[Opening Given records section]

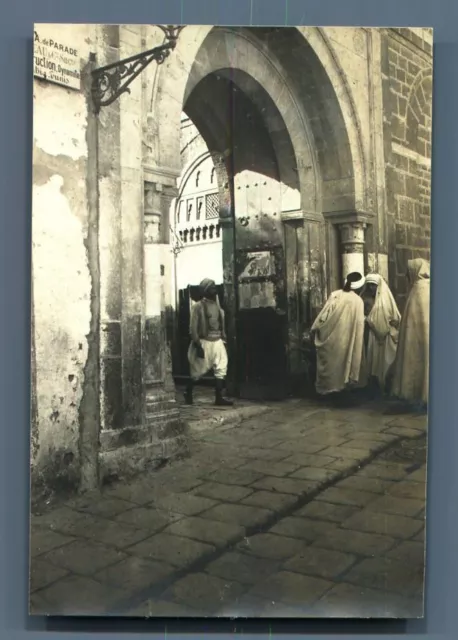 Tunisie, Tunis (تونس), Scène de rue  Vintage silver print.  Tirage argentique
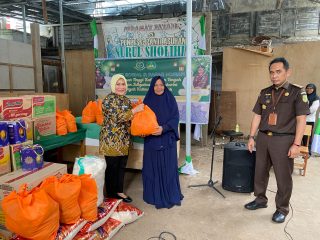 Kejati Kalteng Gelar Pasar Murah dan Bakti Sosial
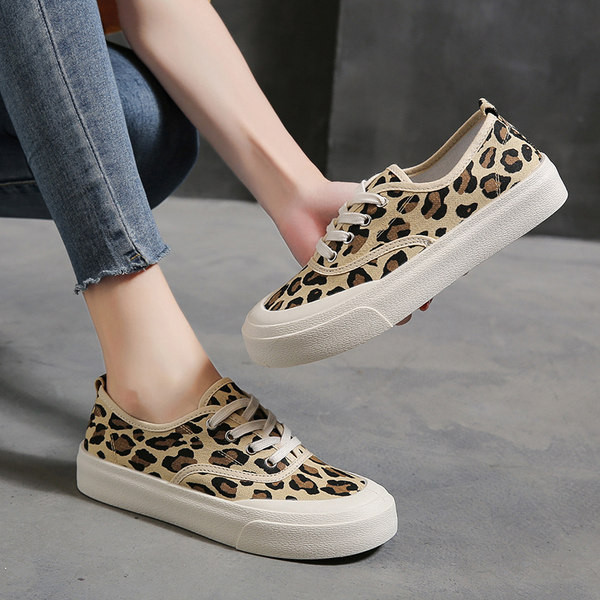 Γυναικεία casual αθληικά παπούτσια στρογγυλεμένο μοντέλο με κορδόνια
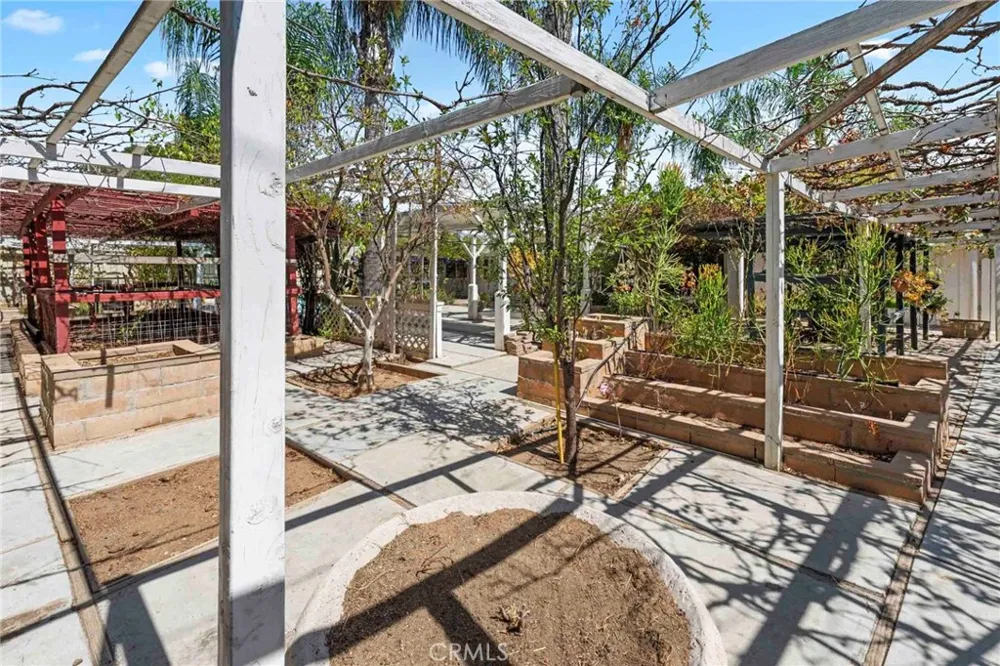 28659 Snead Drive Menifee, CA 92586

[Closing Given records section]
[Opening Given records section]

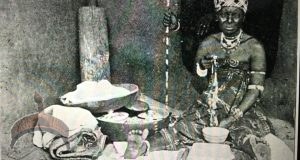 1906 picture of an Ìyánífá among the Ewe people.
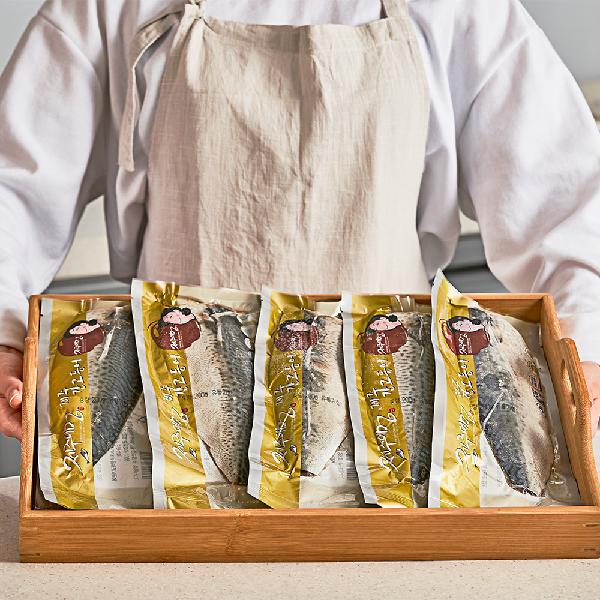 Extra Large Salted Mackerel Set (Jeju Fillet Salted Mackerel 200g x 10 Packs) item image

[Closing Given records section]
[Opening Given records section]

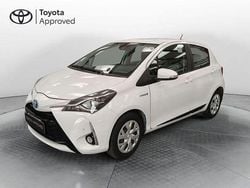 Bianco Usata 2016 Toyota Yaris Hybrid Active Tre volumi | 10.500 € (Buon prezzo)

[Closing Given records section]

Look above for the line containing "Tunisie, Tunis (تونس), Scène", then copy exactly from it through the line containing "28659 Snead Drive Menifee, CA 92586", keeping both and leaving out pictures. Add nothing else.

 Tunisie, Tunis (تونس), Scène de rue  Vintage silver print.  Tirage argentique
 Kejati Kalteng Gelar Pasar Murah dan Bakti Sosial
 Γυναικεία casual αθληικά παπούτσια στρογγυλεμένο μοντέλο με κορδόνια
 28659 Snead Drive Menifee, CA 92586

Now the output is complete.